Contemporary Art Museum Plainview: An Interview With Kelly Alison

by Natalie Hegert October 29, 2017

Plainview, Texas. Population 22,000. As its name suggests, it’s a town smack dab in the middle of the plains, situated equally far from Amarillo and Lubbock. It doesn’t seem a likely site for a new contemporary art museum, but on November 10 the town will inaugurate CAMP — the Contemporary Art Museum Plainview. Its first exhibition, Big Art in Small Town, brings in mostly Houston- and Dallas-based artists to the refurbished Panhandle warehouse space. Artists in this inaugural show include Daniel Anguilu, Sherry Owens, Kelly Moran, Katy Anderson, Sharon Kopriva, Dandee Warhol, Emily Peacock, Emily Sloan, Ben Tecumseh DeSoto, Patrick Medrano, Joe Barrington, Steven Kraig+Patrick Renner, and Benito Huerta.

Glasstire spoke with CAMP’s executive director and founder, artist Kelly Alison, who recently returned to her hometown of Plainview from a decades-long stint on the Houston scene, about art, community, and life in Plainview, Texas, and how to source a board of directors from Facebook.

Natalie Hegert: Can you tell us a bit about yourself and your background? I understand you spent some time in Houston and you just recently moved back to Plainview, where you’re originally from.

Kelly Alison: That’s right. I grew up in Plainview, Texas, then went off to college in Waco, at Baylor University, and from there moved to Houston. I pretty much moved to Houston for all the reasons artists move there: the community, the chance to learn more about art, take more classes in art, and expand my horizons in that direction. I lived in Houston from 1977 until 1983: during that time I was a student at the University of Houston and got to participate in the Lawndale Art Performance Center, which was off-campus at that time. In 1983 I moved to Wild Peach, Texas, a little village between Brazoria and West Columbia, not too far in from Sargent on the coast. I’d drive into Houston three or four times a week, where I taught at the Art League of Houston for 10 years; showed with Bill Graham (Graham Gallery) at first, then Wayne Gilbert (G Spot Gallery), and DM Allison.
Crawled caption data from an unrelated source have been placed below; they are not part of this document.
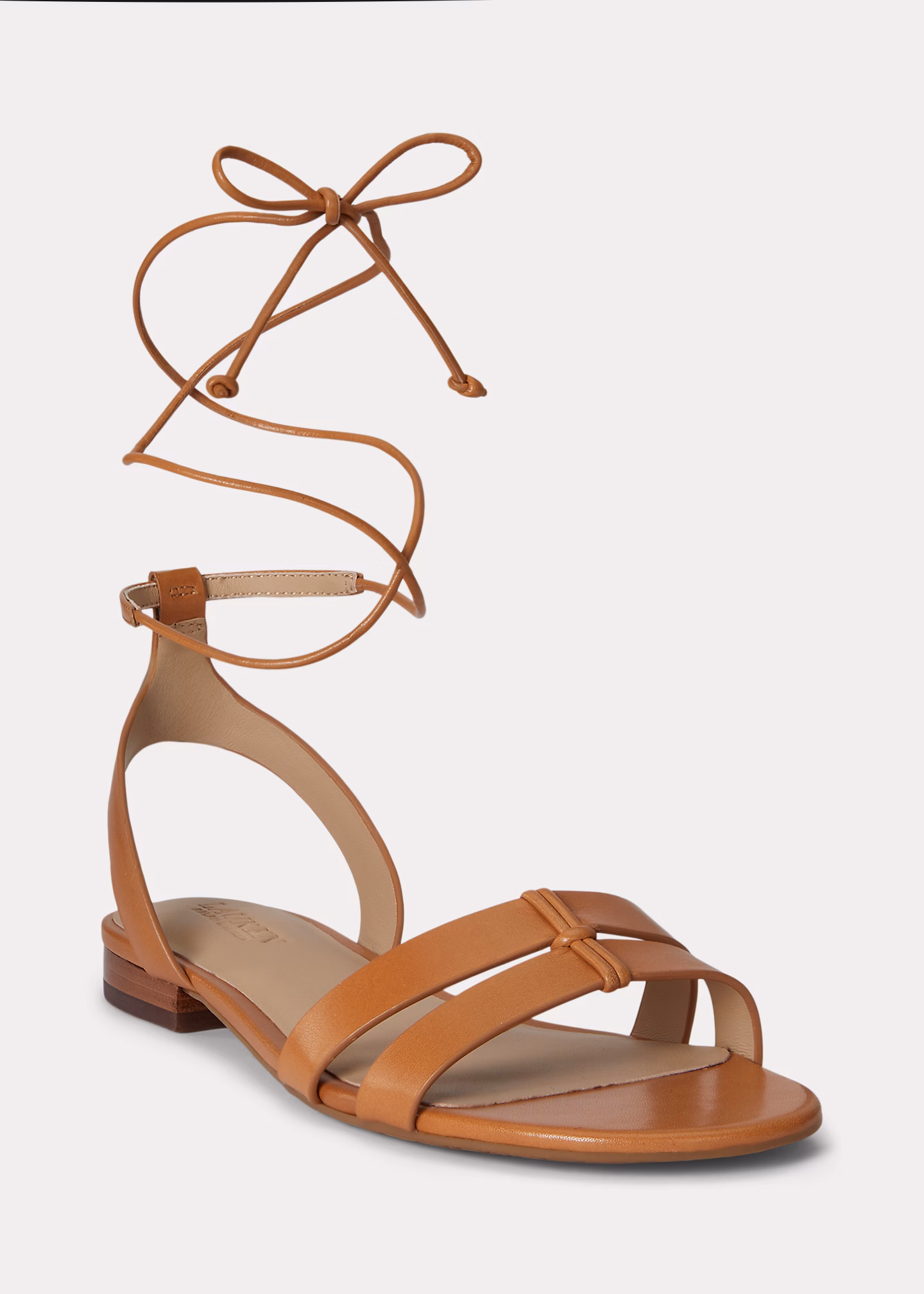 Sandale Paloma aus Leder - RALPH LAUREN OUTLET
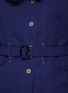  - ISABEL MARANT - Dipazo' Belted Ruffled Collar Pleated Sleeve Cotton Jacket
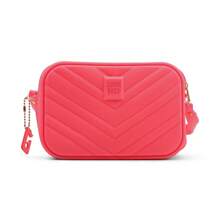 Basic Guará Women's Bag With Adjustable Strap And Keychain - Hot Pink - View 1
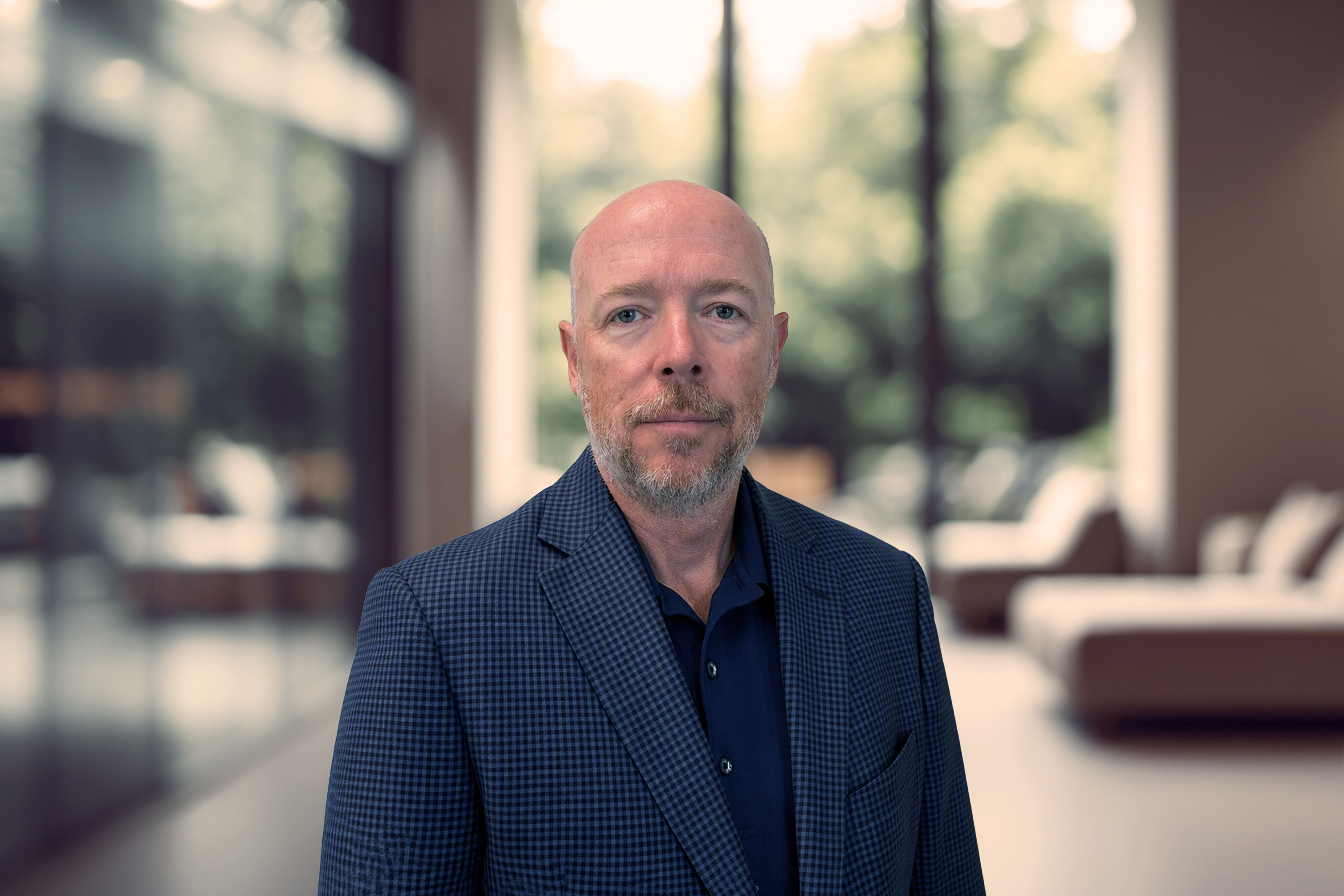 Photographic portrait of Geoff Vickrey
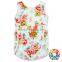 Baby Girls Children Clothes Red Rose Flower Prints Newborn Clothing Boutique Summer Sleeveless Baby Cotton Romper On Sale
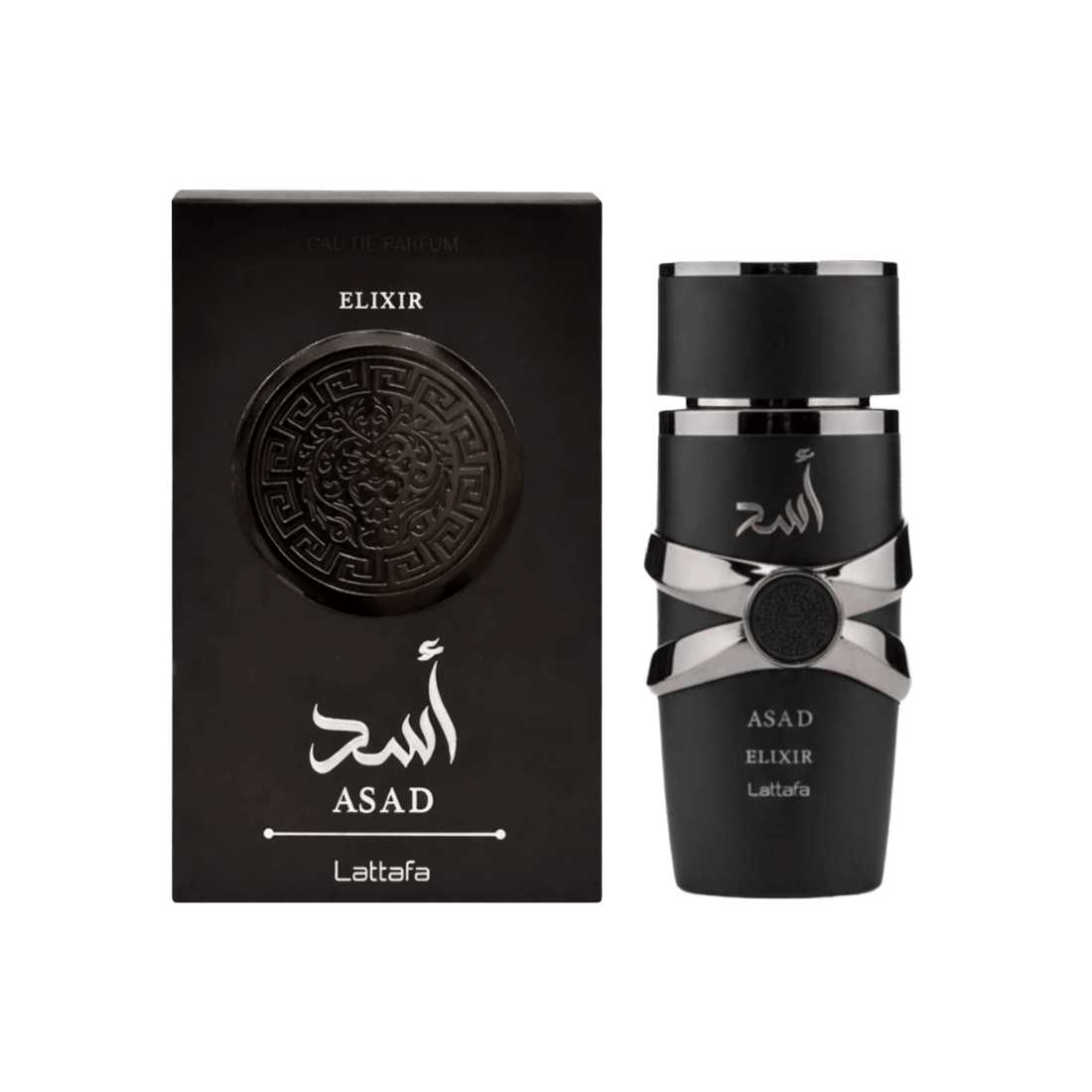 Lattafa Asad Elixir orientalischer Herrenduft mit Tabak, Zeder und Vanille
I had lots of good opportunities when I was there, and I never expected to move back to my hometown. It’s just sort of something that happened and I had to jump at the opportunity to do it. So, here I am, back in Plainview.

Kelly Alison

NH: How long have you been back?

KA: Almost a year now. The warehouse that I’m in belongs to my family. I moved into it, then started moving my own art into it and began to really enjoy the space. Ever since my experiences back [in Houston] with Lawndale, Box 13, and TemplO, I’ve always been interested in places that art can be seen and how art relates to the space that it’s in. So I really started thinking about the building itself and what I could do with it. And so one thing started leading to another, and I realized that there was a community of artists up here in West Texas. It kind of reminds me of the old days in Houston. I guess by the time I was what you’d call a middle career artist in Houston, I’d pretty much gotten lost in the shuffle, just trying to keep my head above water all the time.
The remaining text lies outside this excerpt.